Simpson and Bruckheimer may very well have conceived of their films in those terms, and Hollywood may have taken some unfortunate lessons from Top Gun’s mega-success. And if, like many people, you have watched snippets of the movie here and there on cable over the years, this idea of the movie may sound convincing. But if you sit down and watch the whole thing, Top Gun has more in common with Rocky than it does with The Fast and the Furious. It’s not even really an action movie. It’s a sports melodrama.

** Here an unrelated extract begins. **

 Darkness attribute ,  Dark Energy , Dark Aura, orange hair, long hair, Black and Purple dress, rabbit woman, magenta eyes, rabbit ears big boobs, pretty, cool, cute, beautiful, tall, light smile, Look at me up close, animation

Most of the flight sequences, you’ll recall, do not portray combat. They’re training contests, in which the best American aviators go head-to-head and score points to decide who is “the best of the best.” It’s no accident, surely, that Simpson and Bruckheimer (and director Tony Scott) followed up Top Gun with what is explicitly a sports movie, Days of Thunder. (Metcalf says that where the former is “pleasantly goofy,” the latter is “aggressively incoherent.” Perhaps the producers finally achieved their “non-narrative” goals in the follow-up; I’ve never seen it.)

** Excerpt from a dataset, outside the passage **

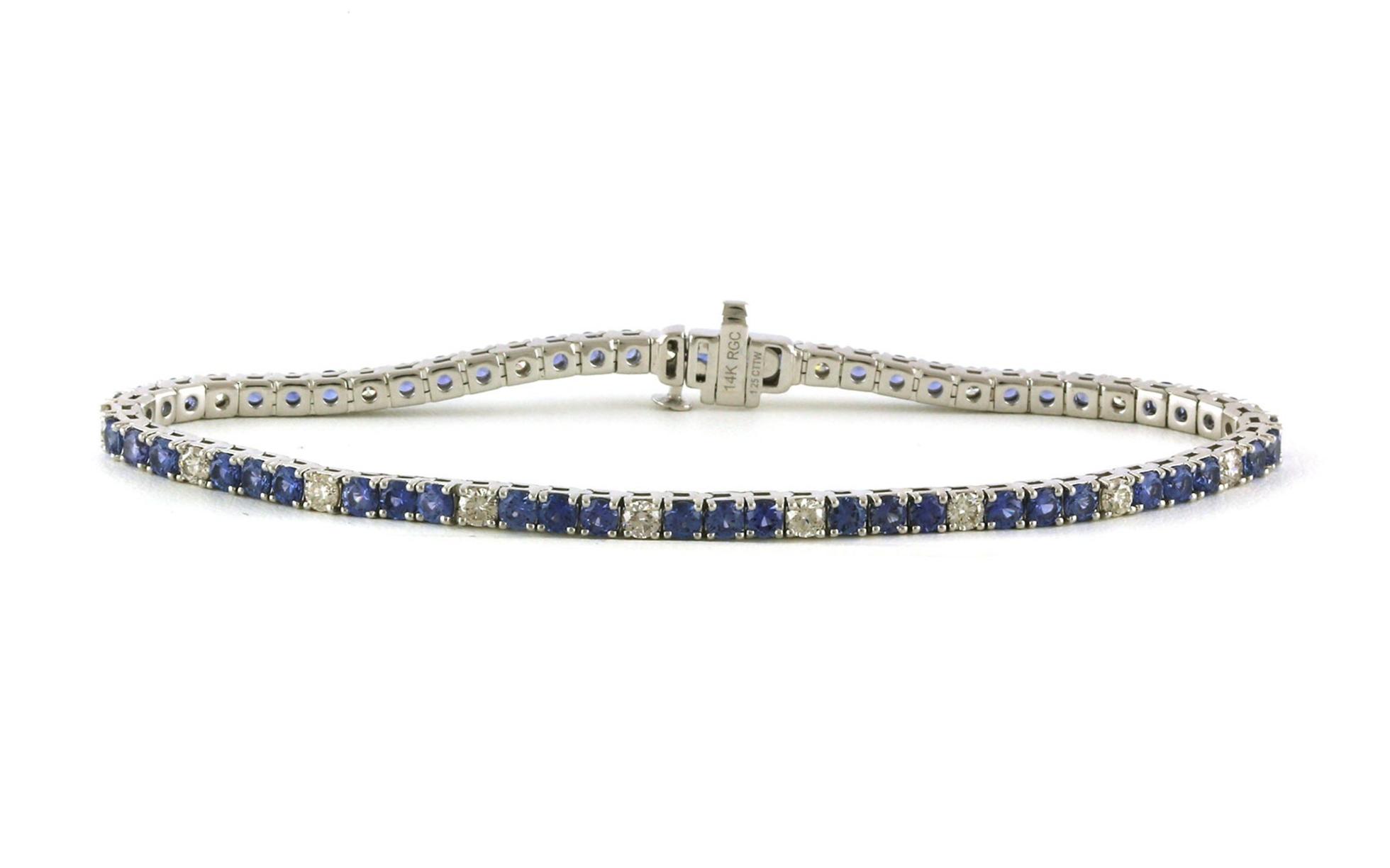 Alternating Three Montana Yogo Sapphires and One Diamond Tennis Bracelet in White Gold (7.00cts TWT)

What was even more striking when I revisited the movie was how much of it takes place on the ground. A huge percentage of its 110 minutes feature Pete Mitchell, “call sign” Maverick (Cruise), brooding about his dead father, bonding with his doomed Radar Intercept Officer (Goose, charmingly played by Anthony Edwards), or chasing his civilian instructor, Charlotte Blackwood (Kelly McGillis). The real climax of the movie—and the only scene that elicited audible cheers in the sparsely populated press screening I attended—comes when Blackwood, called Charlie, zips maniacally through traffic in her convertible so she can catch up to Maverick and declare that she’s falling for him. The music I noticed most often on the score was not “Danger Zone” or even the main Top Gun theme, but the romantic strains that accompany the Charlie/Maverick affair and the sad chords that go with storylines about Maverick’s dad and Goose’s death.

Contrary to its reputation as somehow devoid of story, the film is an emotionally charged and easy-to-follow tale of a young, talented man haunted by his dad’s mysterious demise, traumatized by his friend’s accidental death, and humanized by his love for an independent woman. You may find all this ridiculous; the movie approaches something like macho camp, with its homoerotic volleyball sequence, its many locker-room scenes, and the extravagantly loving attention it gives to everything masculine and vehicular. The dark blue sex scene between McGillis and Cruise is decidedly unsexy, all lizard-like tongues and back muscles, and those two actors don’t have much in the way of chemistry. (There’s also the movie’s queasy intimacy with the U.S. military to consider—but that is, I think, an entirely separate matter.)

Top Gun works anyway, and very well, in large part because of its over-the-top story, conveyed with broad strokes and a stark palette. It isn’t “non-narrative” or “post-narrative.” It isn’t even an action movie. It certainly didn’t kill the movies. Of course, that’s mostly because the movies aren’t dead—but that’s an argument for another day.